A 429-pound porbeagle shark was the winning catch on the first day of the Monster Shark Tournament Friday.

Dan Lundy landed the shark aboard Magellan out of Harwich, captained by Jason Pillsbury.  It was their first time to fish the tournament, which is sponsored by the Boston Big Game Fishing Club and carries a $20,000 prize for the boat that wins the most points.

Spectators gathered four deep late Friday afternoon when Magellan brought her catch to the docks rimming the Oak Bluffs harbor. Boats rigged for big game fishing and flying the black tournament flag filled nearly every slip in the harbor.

Spectators gathered behind fence to watch spectacle with big game fishermen, scientists. — Ray Ewing

The tail of the porbeagle was passed around for people to touch and marine scientists on hand who use the tournament for study were bloody to their elbows as they took tissue samples.

Although the tournament has been controversial in the past, there was no sign of protestors on Friday.

Crowds gathered behind a metal barrier to see the sharks strung, weighed and quartered beneath a blistering sun.

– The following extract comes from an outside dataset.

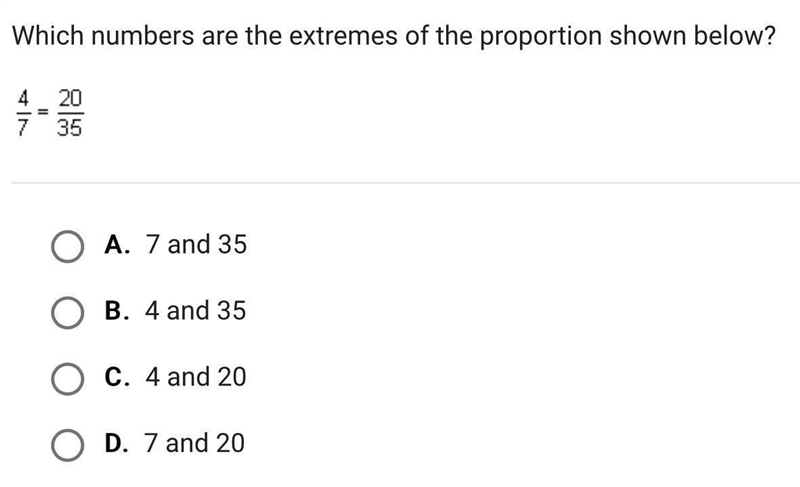 Which numbers are the extremes of the proportion shown below-example-1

Tournament crew in yellow T-shirts and green boots milled about among the scientists, there “opportunistically,” they said, for first dibs on the shark tissue.

As the boats docked, the sharks were strung and hoisted off the back of the boats, onlookers straining on tiptoes in awe. Sharks were dragged to a rectangular slab where they were partly dissected by scientists, who harvested livers, reproductive organs, stomach contents and a slice of the backbone. They bring the tissues back to their respective labs on the mainland coast.

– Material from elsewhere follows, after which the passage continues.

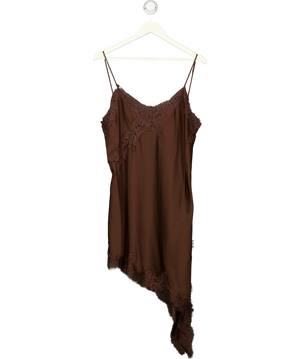 ZARA Asymmetric Lace Dress Zw Collection Brown UK XL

The porbeagle was the only one of its kind caught on Friday. “It’s typical to see them in the 300 to 400-pound range,” commented Gregory Skomal, a biologist specializing in sharks with the state Division of Marine Fisheries.

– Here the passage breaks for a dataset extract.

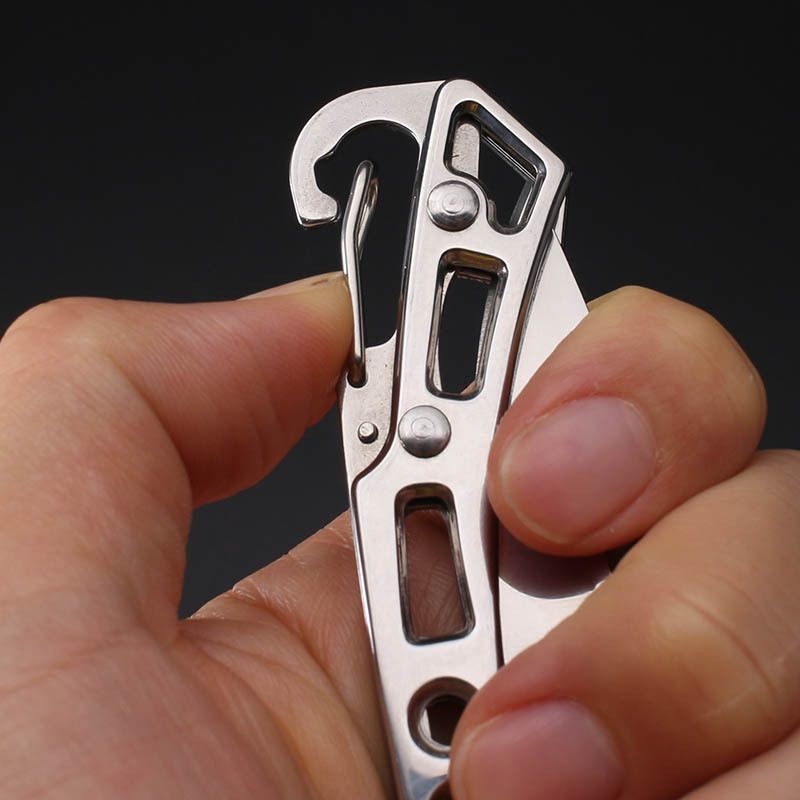 Navaja plegable de acero inoxidable para supervivencia, caza, acampada, pesca, portátil, para llevar fruta, herramientas para exteriores, para enviar cuerdas._voghion.com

Tipping the scale at 429 pounds, porbeagle shark was top catch of day Friday. — Olivia Hull

Nearing 3 p.m., the hour the weigh station was opened for business, a scientist from the Northeast Fisheries Science Center (NEFSC) lab in Narragansett, R.I, strapped a knife holster to her abdomen and secured the six-inch boning knife. It’s small, but kept continuously sharp by a whetstone she holds in the other hand while cutting into the sharks. Her other equipment included a portable black case for storing tissues, a sieve, measuring tape, rope, a scale and a rusted, dust-covered caliper.

The tournament does not award a prize for the winning shark; rather boats are ranked based on the points they acquire during the weekend. One pound is equivalent to one point.

Last year, the largest shark was a porbeagle weighing 447 pounds. The porbeagle caught Friday was a female, estimated to be about 20 years old, according to Lisa Natanson, a scientist who was on hand.

The shark was of reproductive age, a fact lamented by veterinary pathologist Joanna Borucinska of the University of Hartford. “It’s a shame when a female ready to reproduce is removed from the population,” she explained, while examining the shark’s ovaries, full of eggs.
The tournament runs through Saturday.